▸ **ABOUT THIS EXERCISE**: Exactly as they stand, give the records below again, with no images.

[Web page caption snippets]
○ ○ ○

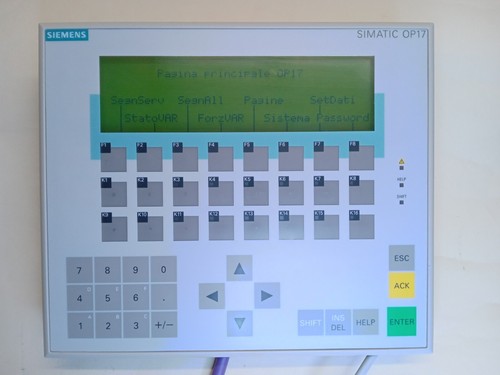 Siemens simatic op17 6av3 - siemens,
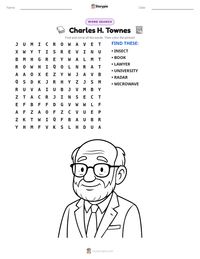 Charles H. Townes printable worksheet preview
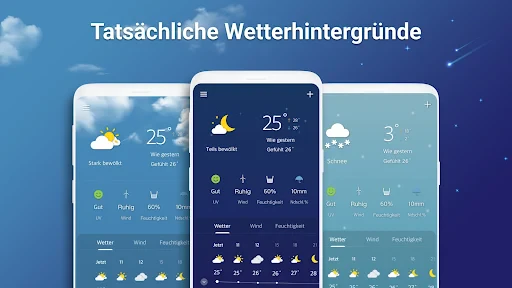 Wetteransicht screenshot
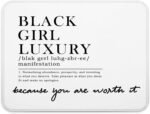 Black Women Gifts Mouse Pad, African American Gifts, Black Girl Luxury Definition Mouse Pad for Work Computers Laptop Home Office Dorm Desk Accessories, 9.5x7.9 Inch - Image 2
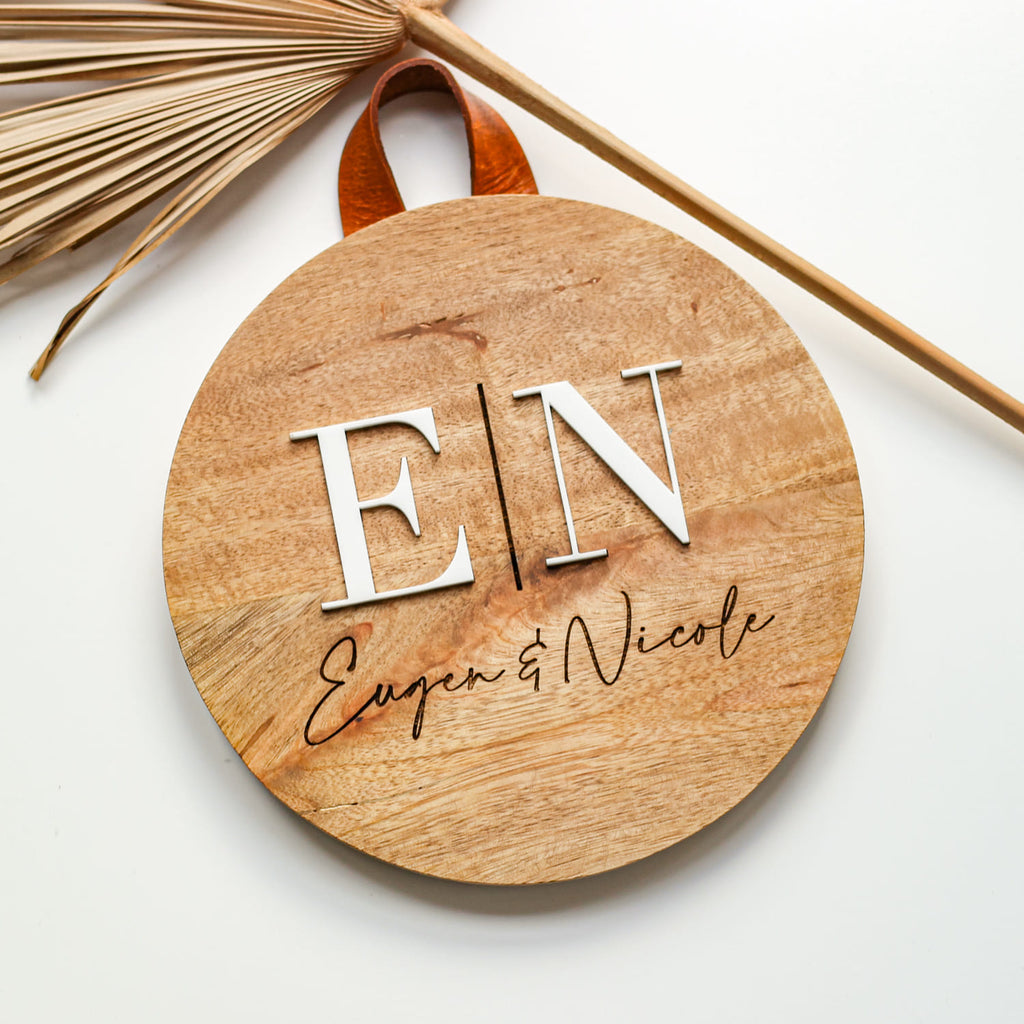 personalisiertes holzschild 3d initialen valentinstag hochzeitsgeschenk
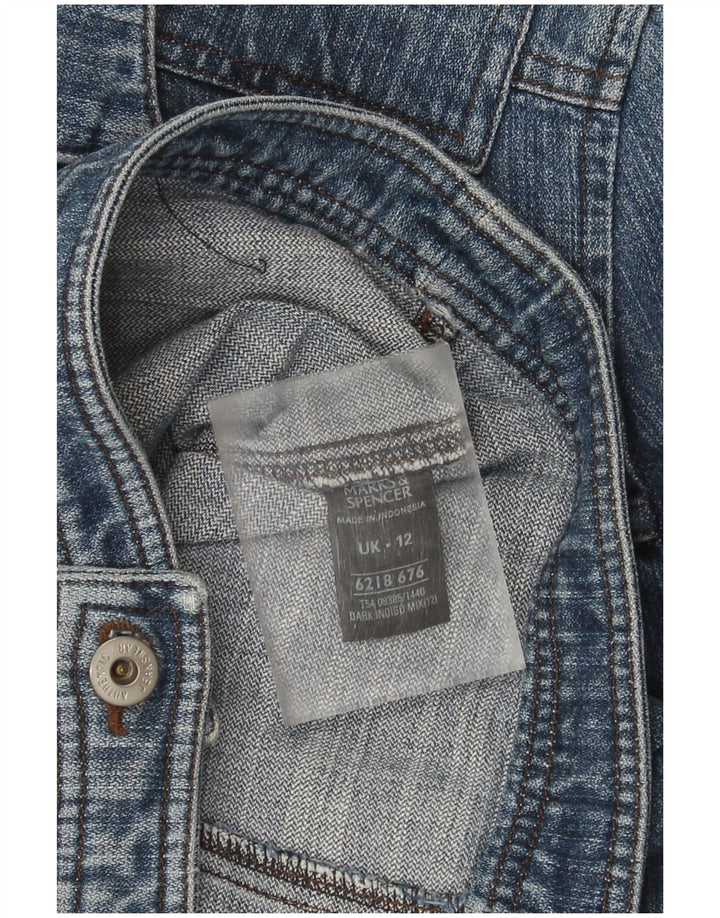 Marks & Spencer Womens Denim Jacket UK 12 Medium  Blue Cotton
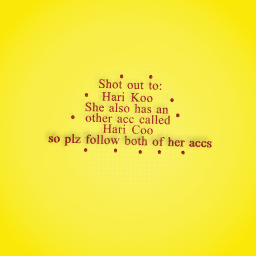 Shot out to Hari Koo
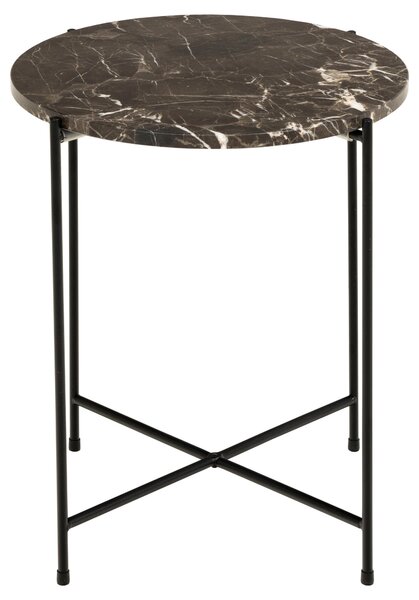 ODKLÁDACÍ STOLEK, hnědá, tmavě hnědá, kámen, 42/42/45 cm - Online Only konferenční stolky, Online Only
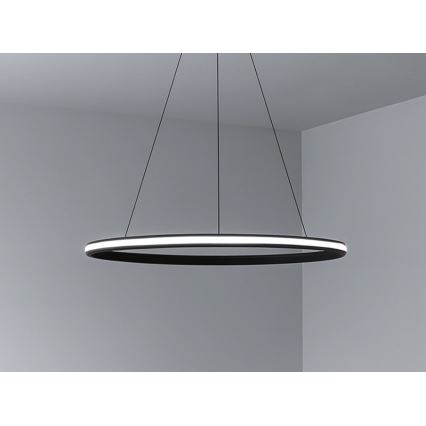 LED zatemnljiv lestenec na kablu LED/55W/230V 3000-6500K premer 60 cm + daljinski upravljalnik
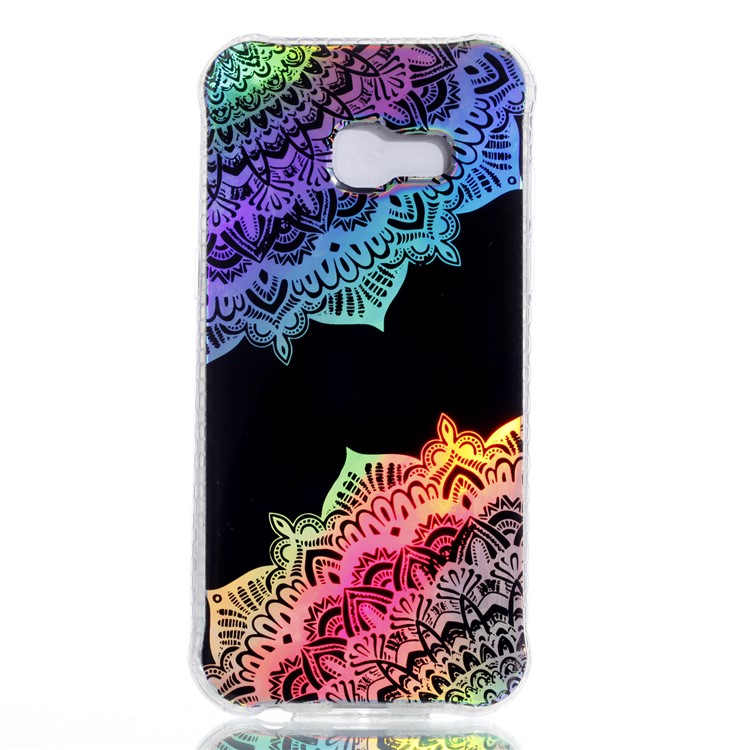 Electroplating IMD Shockproof TPU Protection Case for Samsung Galaxy A5 (2017) SM-A520 - Colorful Mandala-2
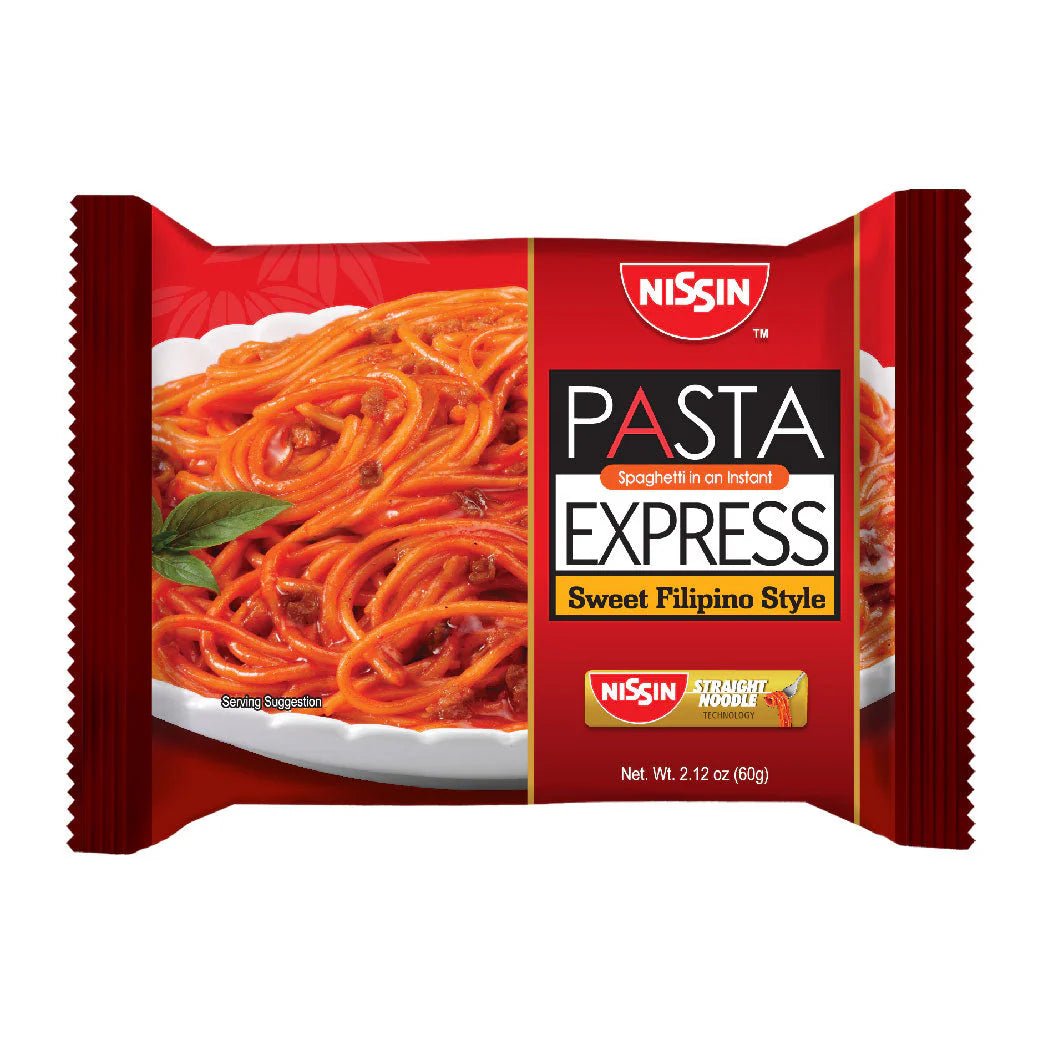 Nissin Pasta Express Sweet Filipino Style 60g - Golden Buffalo Grocery Store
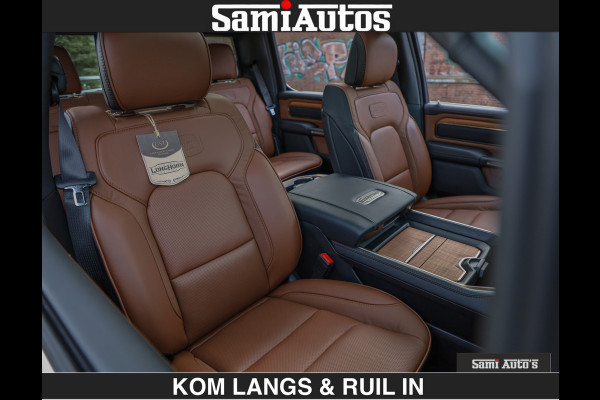 Dodge Ram BLACK OPS LONGHORN BRUIN LEDER 5,7L V8 HEMI | VIRTUAL | HEAD UP | PANODAK | LUCHTVERING | BOM VOL | DC | 402 PK | CREW CAB | DUBBELE CABINE | 4X4 | 5 PERSOONS | GRIJSKENTEKEN | LIMITED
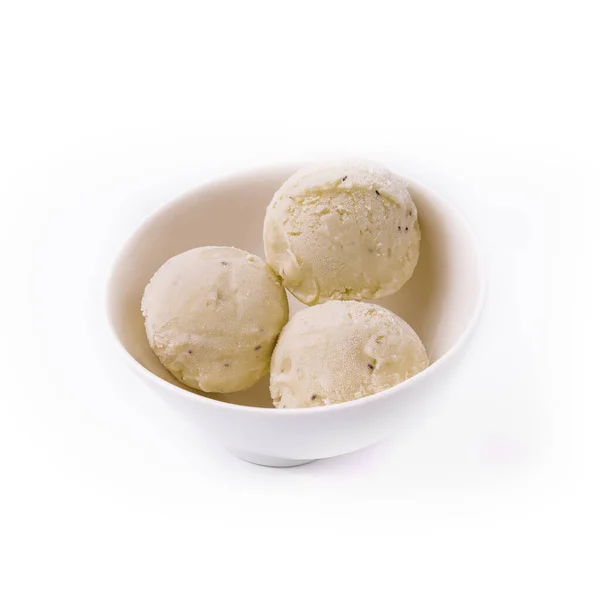 Фисташковое Мороженое Миске — стоковое фото
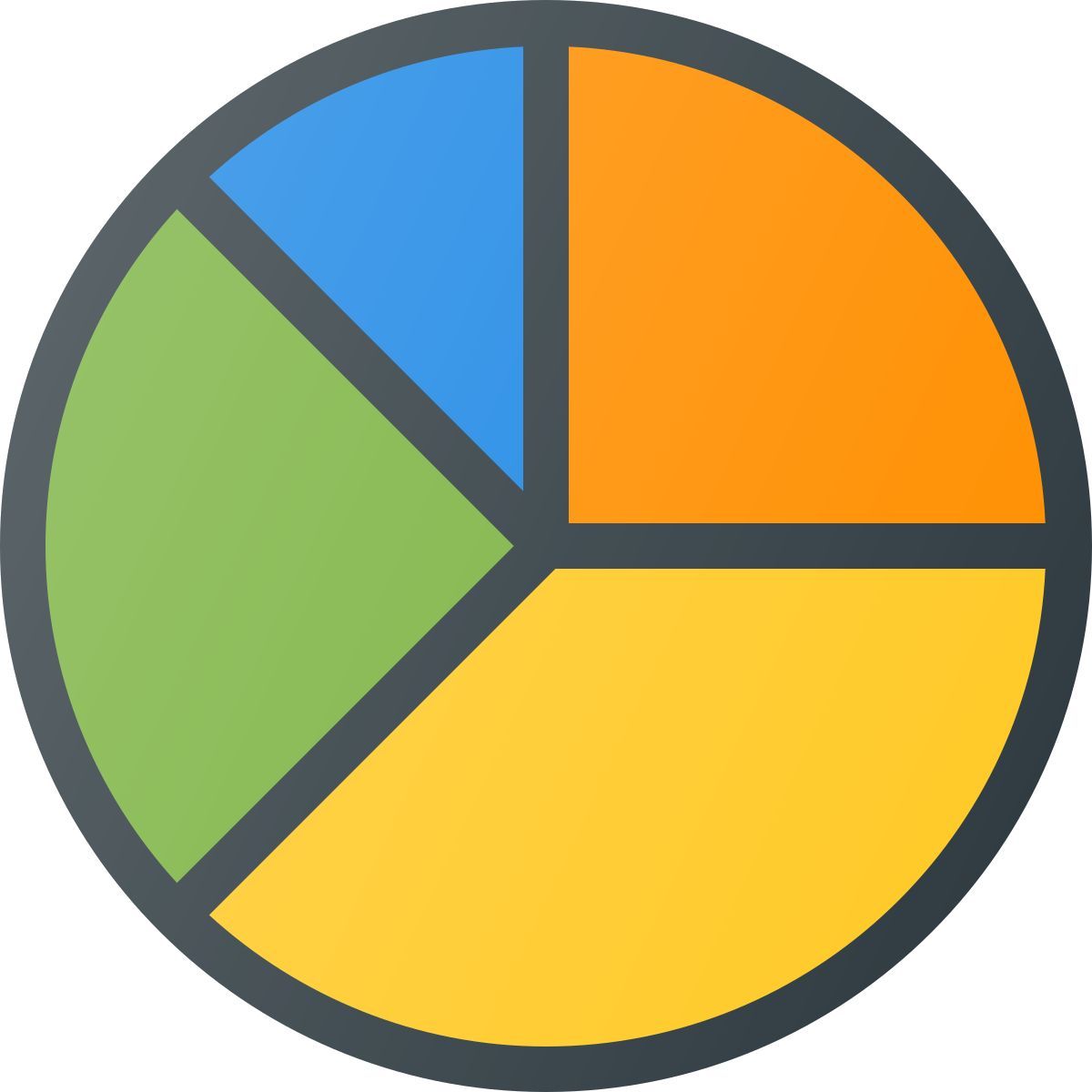 gráfico circular icon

○ ○ ○

▸ **TASK OUTPUT**:
 Siemens simatic op17 6av3 - siemens,
 Charles H. Townes printable worksheet preview
 Wetteransicht screenshot
 Black Women Gifts Mouse Pad, African American Gifts, Black Girl Luxury Definition Mouse Pad for Work Computers Laptop Home Office Dorm Desk Accessories, 9.5x7.9 Inch - Image 2
 personalisiertes holzschild 3d initialen valentinstag hochzeitsgeschenk
 Marks & Spencer Womens Denim Jacket UK 12 Medium  Blue Cotton
 Shot out to Hari Koo
 ODKLÁDACÍ STOLEK, hnědá, tmavě hnědá, kámen, 42/42/45 cm - Online Only konferenční stolky, Online Only
 LED zatemnljiv lestenec na kablu LED/55W/230V 3000-6500K premer 60 cm + daljinski upravljalnik
 Electroplating IMD Shockproof TPU Protection Case for Samsung Galaxy A5 (2017) SM-A520 - Colorful Mandala-2
 Nissin Pasta Express Sweet Filipino Style 60g - Golden Buffalo Grocery Store
 Dodge Ram BLACK OPS LONGHORN BRUIN LEDER 5,7L V8 HEMI | VIRTUAL | HEAD UP | PANODAK | LUCHTVERING | BOM VOL | DC | 402 PK | CREW CAB | DUBBELE CABINE | 4X4 | 5 PERSOONS | GRIJSKENTEKEN | LIMITED
 Фисташковое Мороженое Миске — стоковое фото
 gráfico circular icon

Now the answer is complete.